TASK INPUTS ::
┌────────

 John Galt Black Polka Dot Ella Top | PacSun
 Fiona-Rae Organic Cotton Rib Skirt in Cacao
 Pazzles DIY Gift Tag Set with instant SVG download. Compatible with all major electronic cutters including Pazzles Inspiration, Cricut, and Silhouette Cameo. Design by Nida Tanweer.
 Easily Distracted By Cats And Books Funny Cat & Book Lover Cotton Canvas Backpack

└────────
┌────────

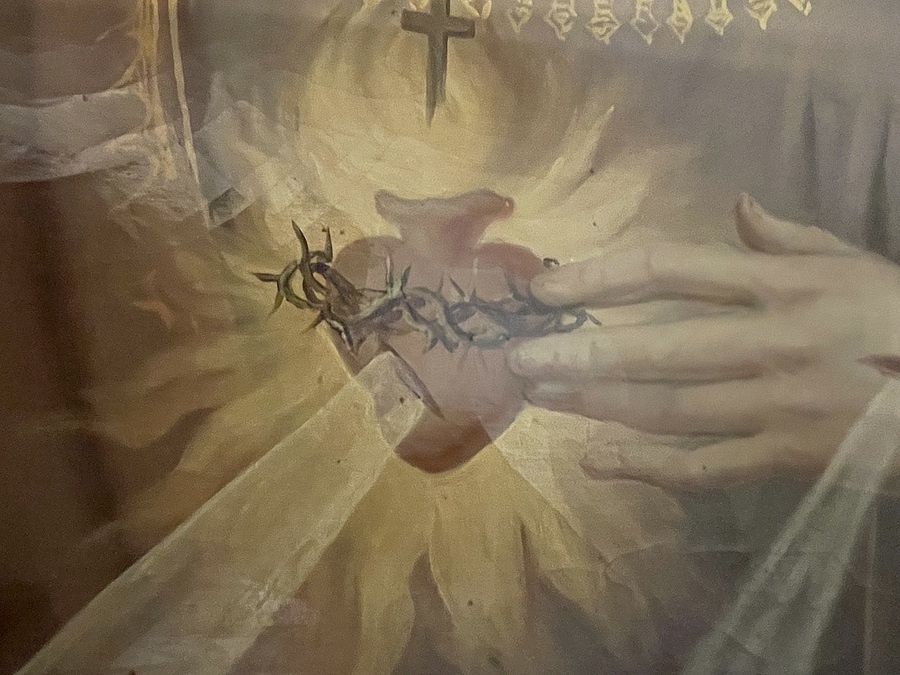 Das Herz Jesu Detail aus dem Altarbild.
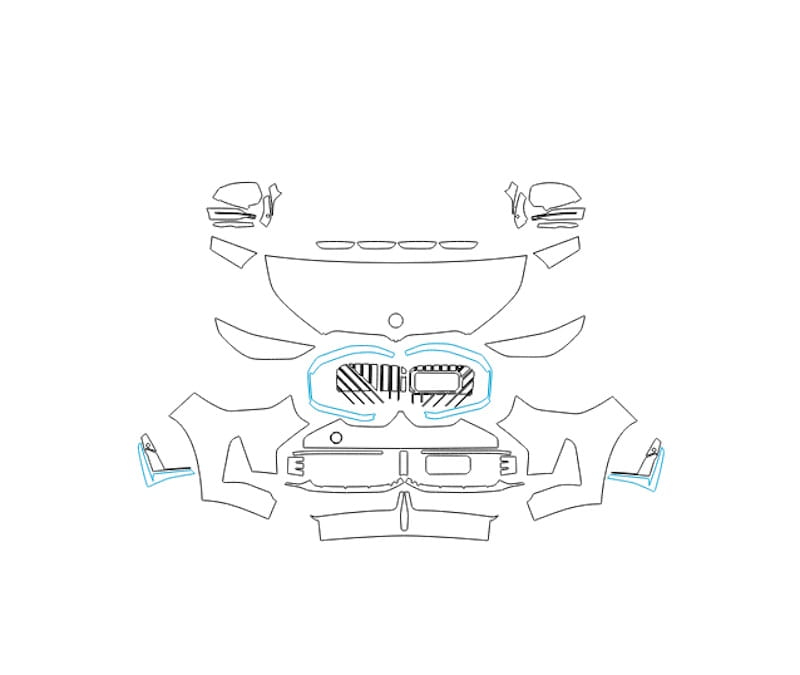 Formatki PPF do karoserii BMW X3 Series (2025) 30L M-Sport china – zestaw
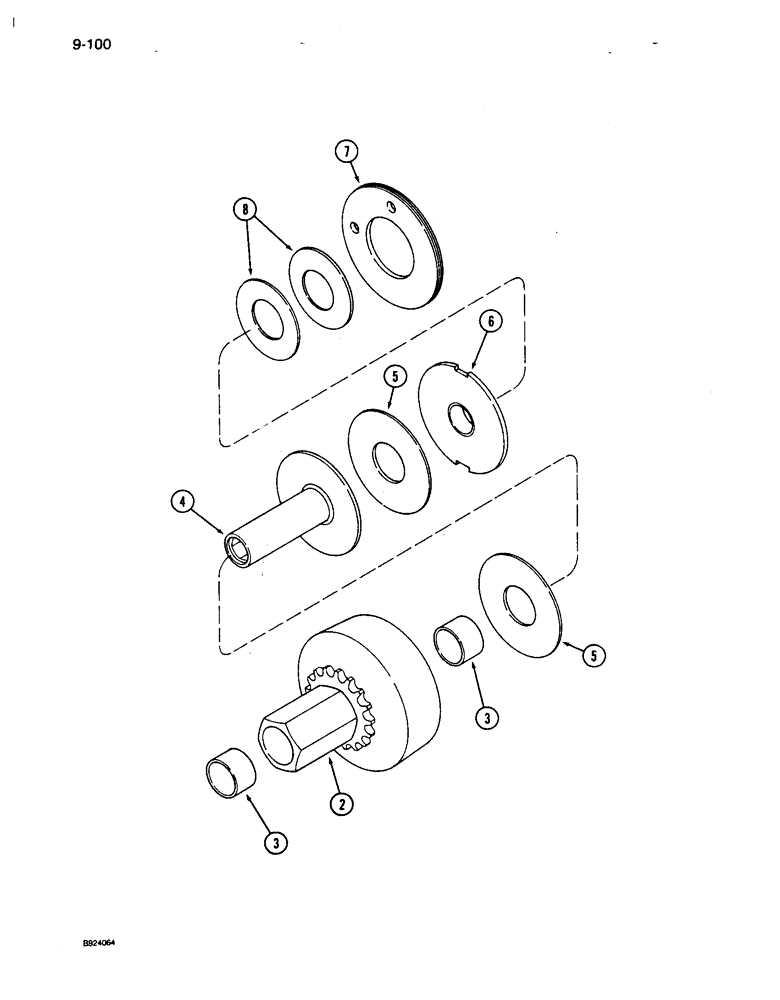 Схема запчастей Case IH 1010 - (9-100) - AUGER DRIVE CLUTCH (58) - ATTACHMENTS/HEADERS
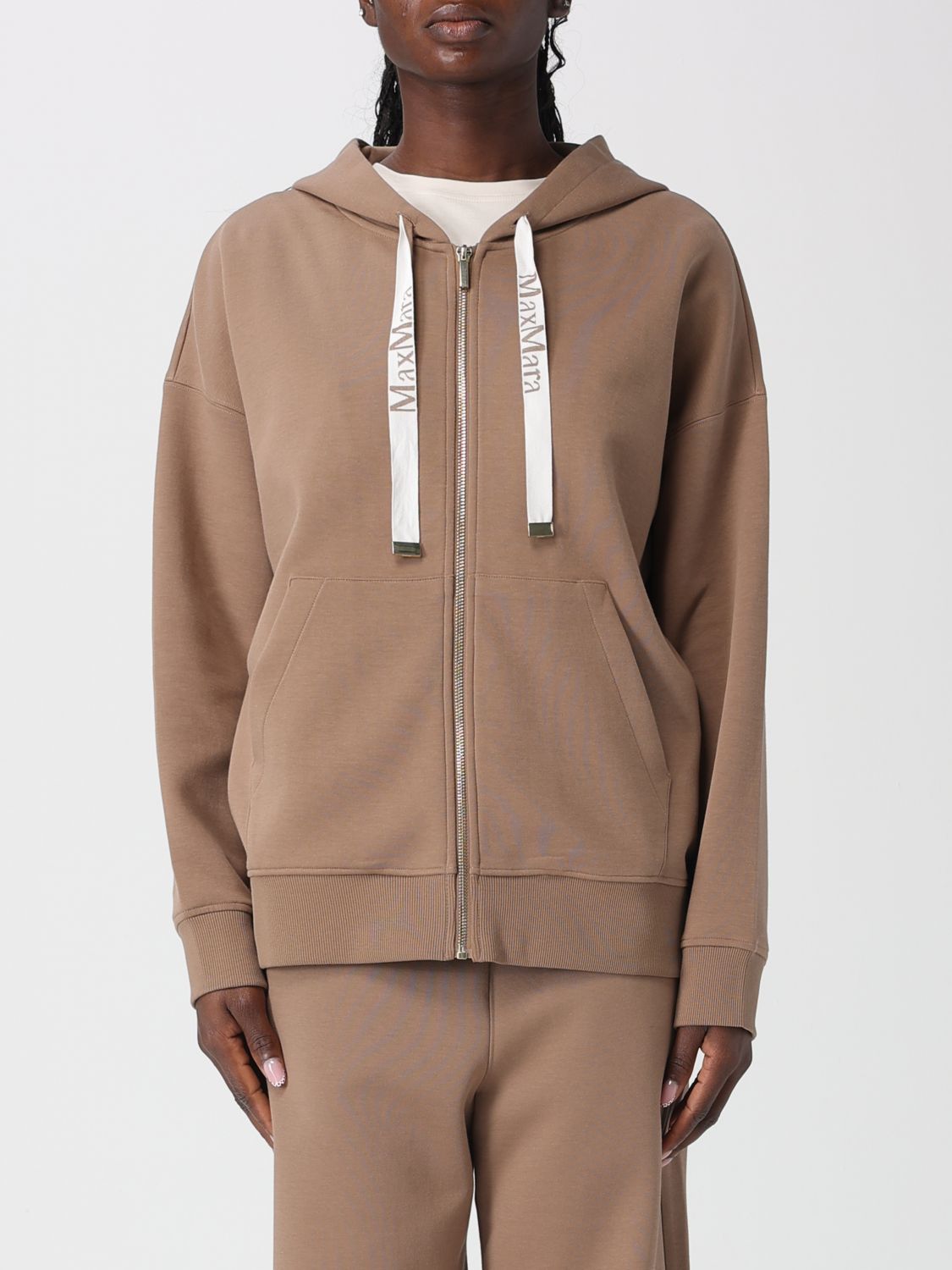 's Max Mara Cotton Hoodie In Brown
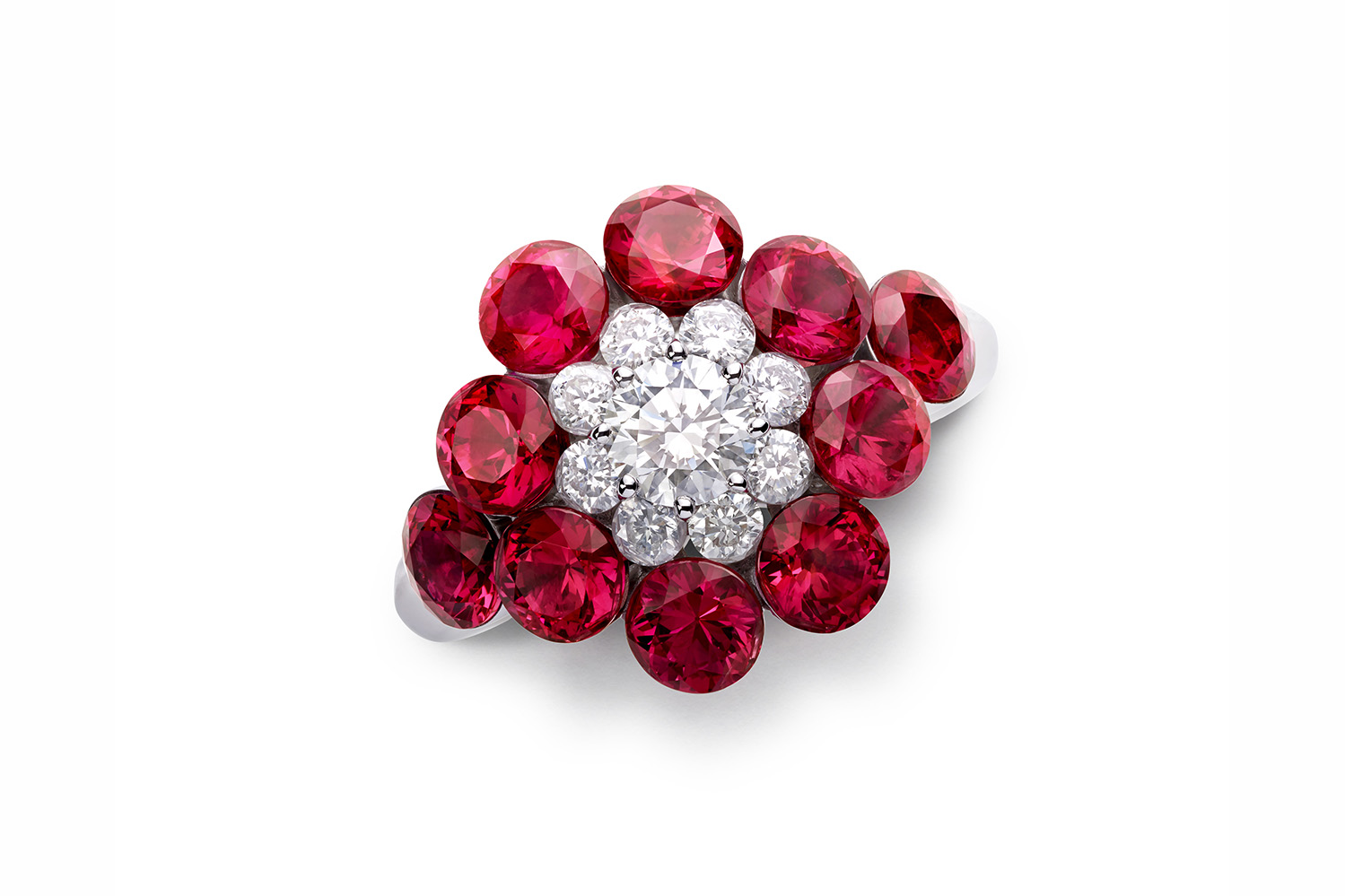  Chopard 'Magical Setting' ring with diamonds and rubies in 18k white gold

└────────
┌────────

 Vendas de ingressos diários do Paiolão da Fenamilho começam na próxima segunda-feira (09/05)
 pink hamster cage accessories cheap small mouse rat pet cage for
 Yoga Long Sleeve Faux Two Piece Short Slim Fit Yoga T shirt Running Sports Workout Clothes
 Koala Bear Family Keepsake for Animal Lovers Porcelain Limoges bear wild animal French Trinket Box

└────────

EXERCISE DIRECTIONS :: Retype, exactly and with no pictures, everything above from the line with "Das Herz Jesu Detail aus dem Altarbild." down to the line with "Chopard 'Magical Setting'", both included.

ANSWER TO THE PROBLEM ::
 Das Herz Jesu Detail aus dem Altarbild.
 Formatki PPF do karoserii BMW X3 Series (2025) 30L M-Sport china – zestaw
 Схема запчастей Case IH 1010 - (9-100) - AUGER DRIVE CLUTCH (58) - ATTACHMENTS/HEADERS
 's Max Mara Cotton Hoodie In Brown
  Chopard 'Magical Setting' ring with diamonds and rubies in 18k white gold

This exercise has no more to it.